Molen De Nachtegaal



Meesterzanger
“De koning van de Europeesche zangvogels”, zo kroonde Jac. P. Thijsse de nachtegaal. Dat koningschap dankt de nachtegaal volledig aan zijn fabuleuze zang. Hij zet zijn zang luister bij door lustig door te zingen als de avond al gevallen is, de ongepaarde mannetjes tenminste (en dat schijnen er nogal wat te zijn). Eenmaal gepaard staakt het mannetje subiet zijn nocturnes en zingt hij alleen nog overdag.

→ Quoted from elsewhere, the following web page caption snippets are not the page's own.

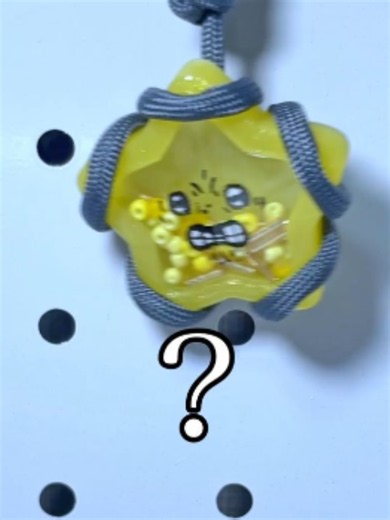 レジンでちいかわの流れ星を作りたかったから作った⭐️ ここを開いて見てくれてるなんて！！！ あなたはかなりレアな人だね✨ 今日も動画見てくれてありがとう！！！ プロフィームのURLに色々乗っけてるから見てみてね✨ #レジン #ハンドメイド #resin #ちいかわ
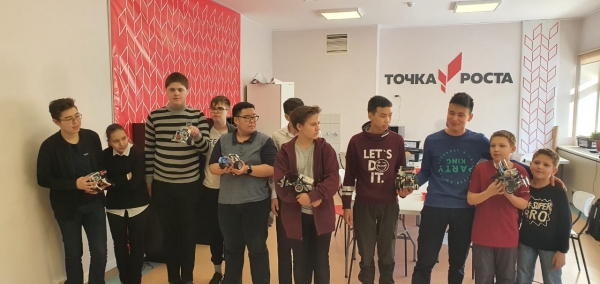 Бои роботов в рамках военизированной эстафеты к Дню защитника отечества. 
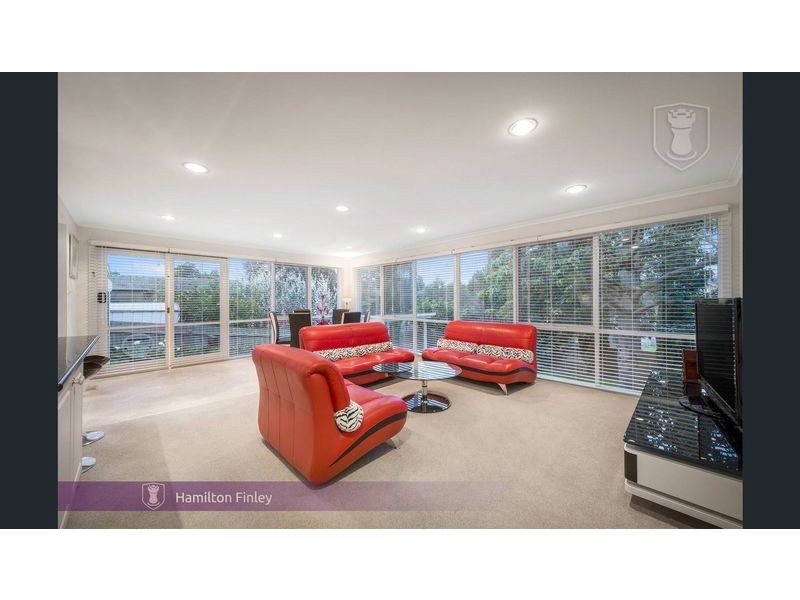 18 Rubicon Crescent, Doncaster VIC 3108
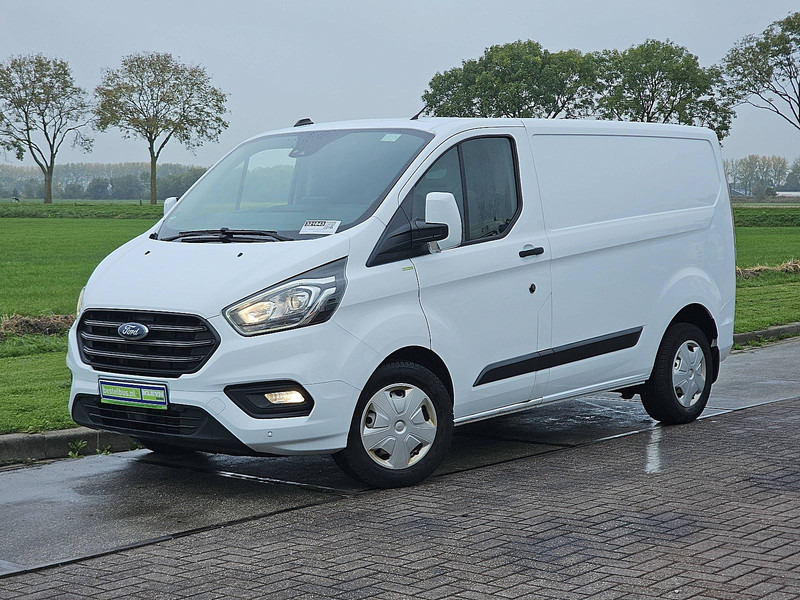 Ford Transit Custom 2.0 L1H1 Navi Euro6 - Kis furgon: 2 kép. Ford Transit Custom 2.0 L1H1 Navi Euro6 - Kis furgon: 2 kép.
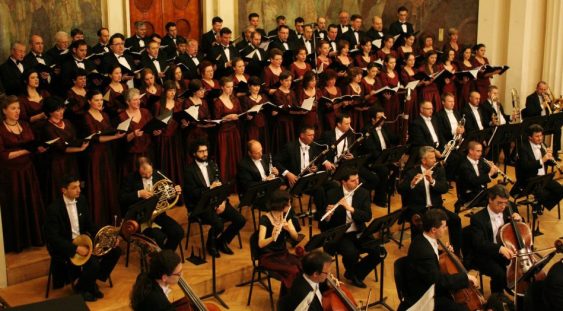 Concert vocal-simfonic la Filarmonica Transilvania din Cluj-Napoca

Nachtegaal (en Duits Nachtigall, Engels nightingale) betekent ‘nachtzanger’: het woorddeel -gaal gaat terug op het Germaanse woord *galan- ‘zingen’.

Noordse nachtegaal
Nederland ligt net als Engeland aan de noordwestrand van het broedareaal van de nachtegaal. Hij broedt niet in Schotland en Wales, en in Engeland zelf hoofdzakelijk in het zuidoosten. In Scandinavië zitten weliswaar ook nachtegalen, maar dat zijn noordse nachtegalen. Scandinavische vogelaars bedoelen met nattergal (Deens, Noors) c.q. näktergal (Zweeds) de noordse nachtegaal (Luscinia luscinia). Ónze nachtegaal (L. megarhynchos), die in Scandinavië slechts sporadisch voorkomt, noemen ze, letterlijk vertaald, ‘zuidnachtegaal, zuidelijke nachtegaal’.¹

Filomena = nagtegale
De vroegste vermelding van het woord nachtegaal dateert uit ± 1240. Gespeld als nagtegale staat het in het Glossarium Bernense, een woordenlijst Latijn-Nederlands, als vertaling van Latijn filomena.
Diezelfde eeuw noemt de geleerde Vlaamse dichter Jacob van Maerlant de nachtegale de vogel met de mooiste zang. De luisteraars van Vroege Vogels dachten er echter anders over, want toen het radioprogramma in 2009 een verkiezing organiseerde van de ‘beste zanger’ onder de vogels, eindigde niet de nachtegaal, maar de merel bovenaan. De nachtegaal werd 2, de zanglijster 3.

Molen De Nagtegaal
De oude Zaankanters zullen het met Van Maerlant eens zijn geweest. Drie Zaanse molens zijn althans naar de nachtegaal genoemd en geen enkele naar een lijster. De oudste van de drie werd gebouwd in 1628. In 1680 wordt hij opgevoerd als “een olymolen […] genaemt de nagtegael, staende agter Wormerveer”, in het Guisveld. De andere twee – De Grauwe Nachtegaal en De Nachtegaal – waren Zaandamse houtzaagmolens. Laatstgenoemde werd in 1854 opgeleverd; zo laat in de tijd bouwde men dus nog industriemolens!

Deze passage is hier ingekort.